What can we do to inform our culture? How can we awaken the knowledge that has been lost? How can we, therefore, retrieve some of the wonder that is, after all, essential to our happiness? The answer lies in retrieving our sense of the whole. We must focus upon events, not merely upon an analysis of certain of their components. We must attempt to penetrate the whole event of the birth of a child, and not merely speculate on the particular manner in which we might interfere with it. We must open ourselves to the event of encountering another person, and not merely attempt to understand certain of his or her actions. We must restore our regard for what really occurs in life and in nature, rather than focusing upon that small part of it that is open to our analysis.

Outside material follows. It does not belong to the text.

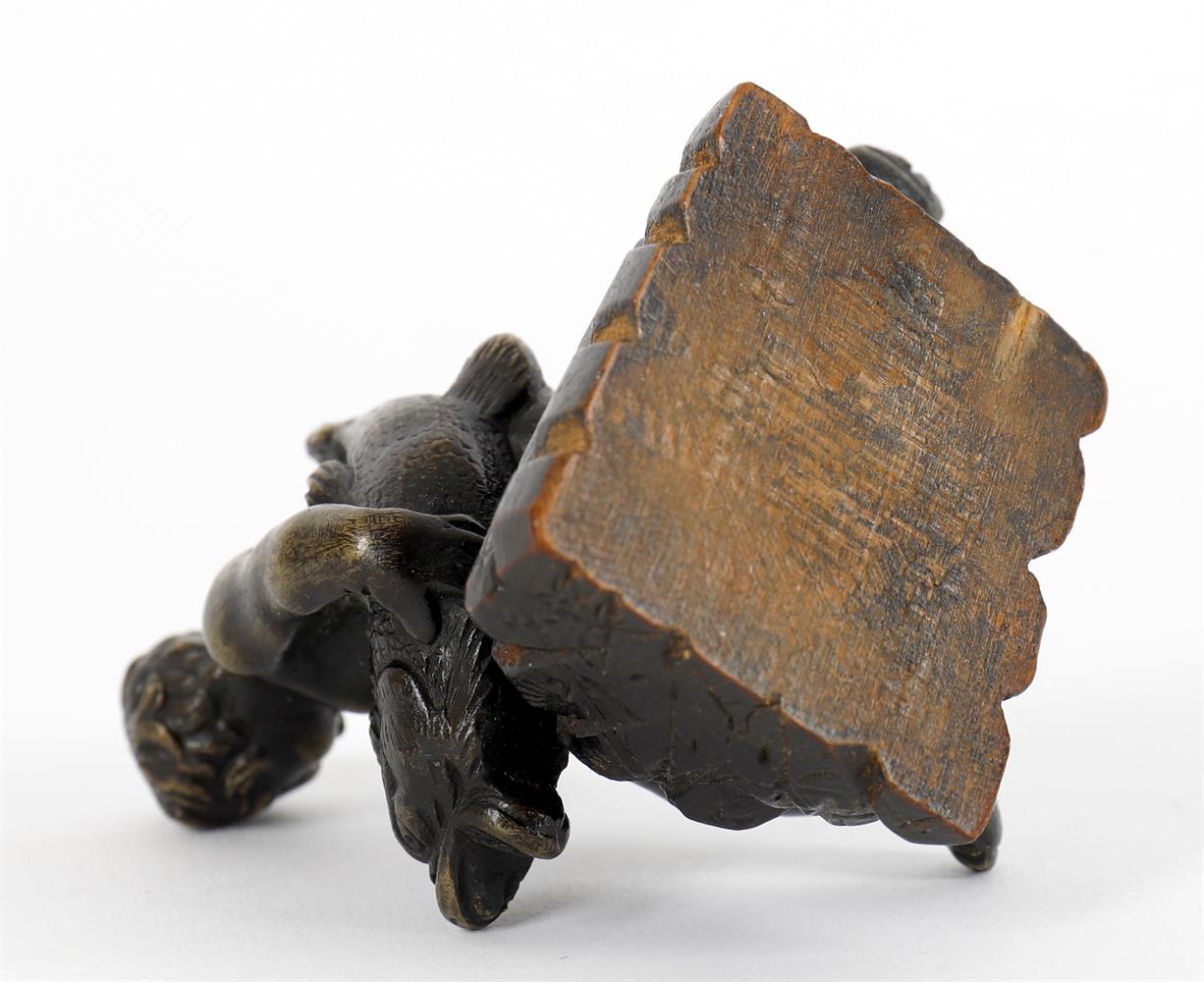 A small bronze of a seated child wrestling a dolphin and a bronze figural seal - Image 3 of 11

Our Church has called the laity to redeem the culture itself. The charisms have been given for this purpose. They are gifts. As such, whenever they are exercised, they produce an event—something whole and entire—which occasions awe in the recipient. As we become more aware of these gifts, our own capacity for wonder is reawakened: we begin to see things whole once again. When a stranger is seen and welcomed, when the dignity of one who suffers is called forth, when someone is taught or encouraged or healed, we are presented with events which, in the end, defy reduction to particular psychological or material determinations. We are also in the presence of something which can occasion a celebration: a shared wonder in the presence of what has occurred.If we are to accept the gifts which God has given to us, we must commit ourselves to wonder. We will be able to do this through our attentiveness to things and to people. Along the way, we will teach our culture how to look upon the world—and restore to our contemporaries the sense that there might be something to celebrate.